== Segment start ==

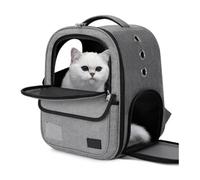 Transportin Perro Mochila para Gatos Mochila para Gatos Portador para Gatos Cachorros Mochilas Porta Gatos con Malla Transpirable Resistente A Los Arañazos Transportin Gato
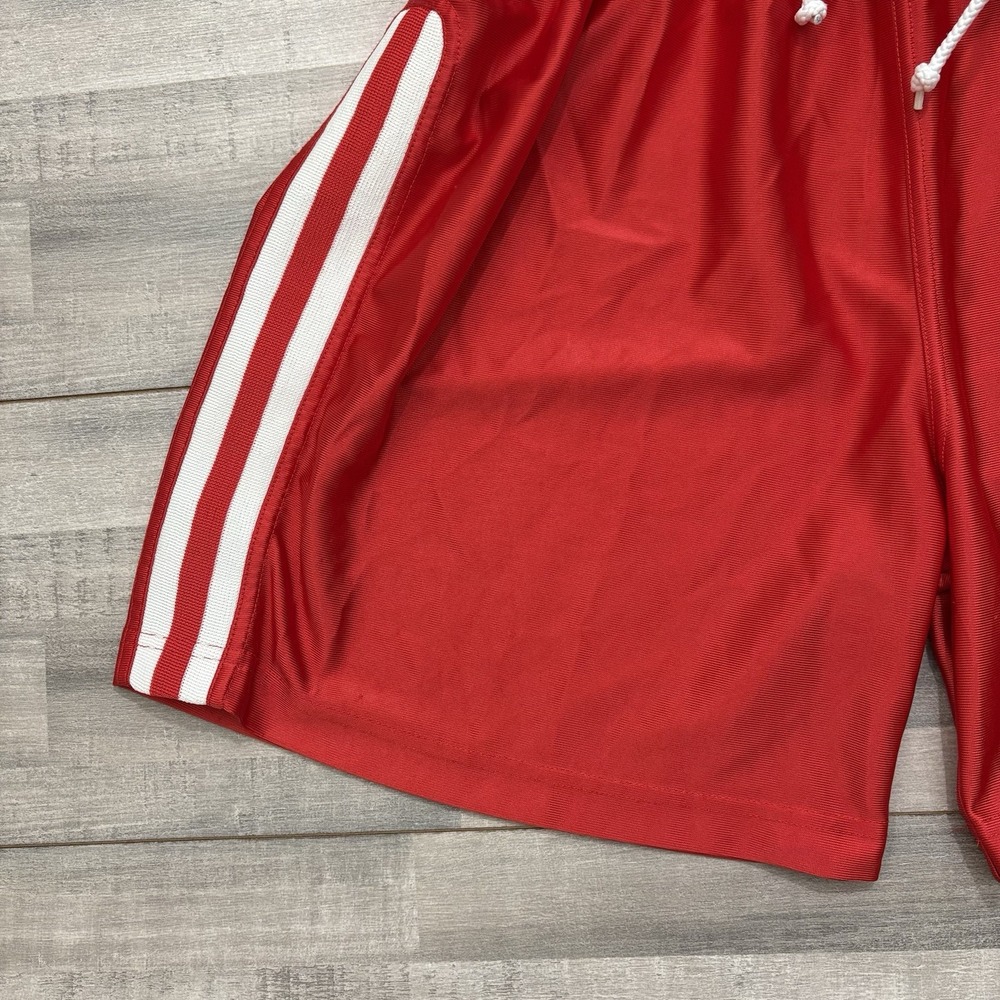 Vintage Diadora Soccer Shorts Mens Large Red Satin Shiny 90's Y2K Nylon Athletic - Picture 3 of 15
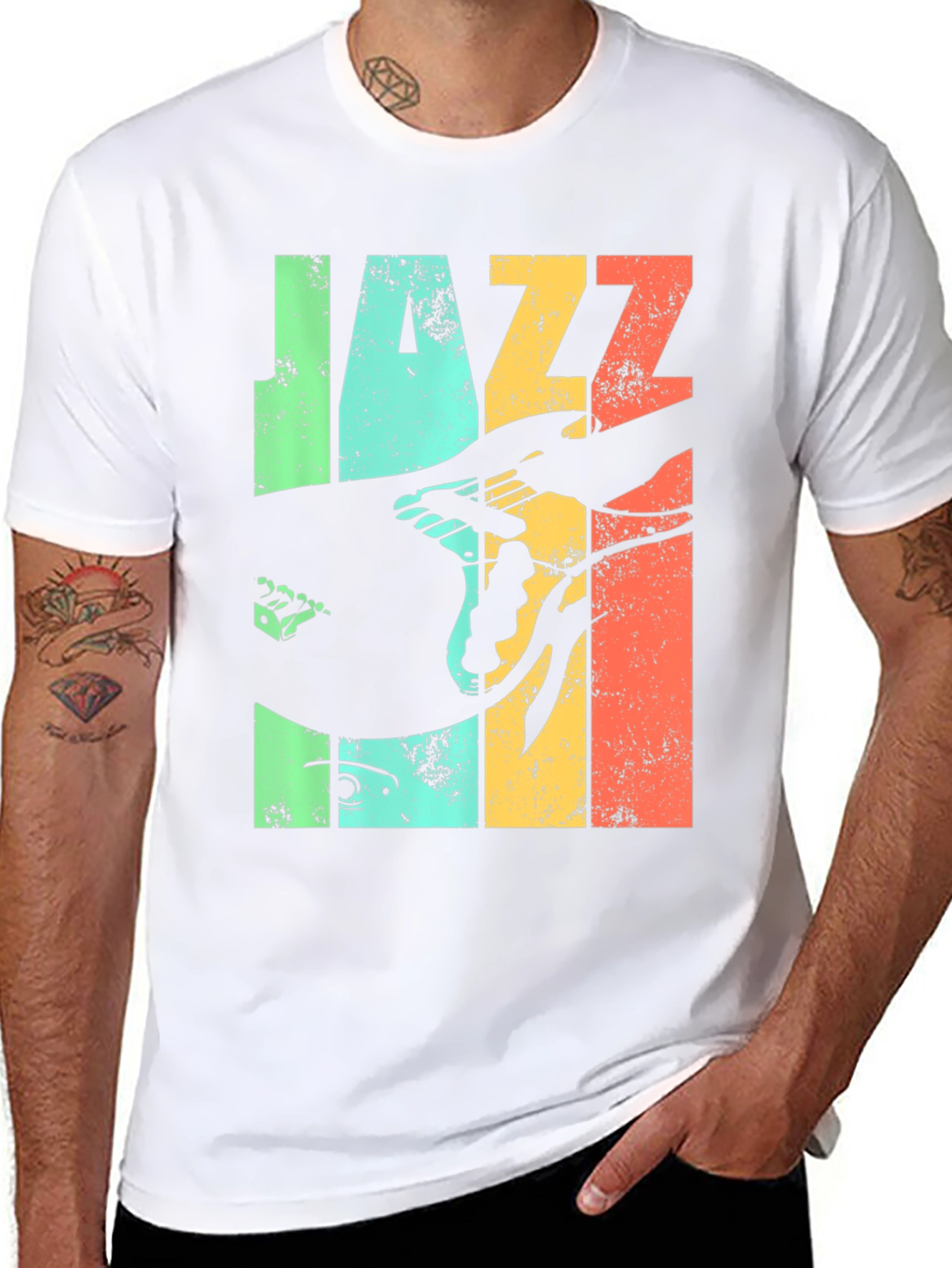 Vintage Jazz Guitar T-Shirt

== Segment end ==

● DIRECTIONS FOR THIS TASK
Down to the final line, restate the material above word for word, but omit its pictures.

● RESULT FOR THIS EXERCISE
 Transportin Perro Mochila para Gatos Mochila para Gatos Portador para Gatos Cachorros Mochilas Porta Gatos con Malla Transpirable Resistente A Los Arañazos Transportin Gato
 Vintage Diadora Soccer Shorts Mens Large Red Satin Shiny 90's Y2K Nylon Athletic - Picture 3 of 15
 Vintage Jazz Guitar T-Shirt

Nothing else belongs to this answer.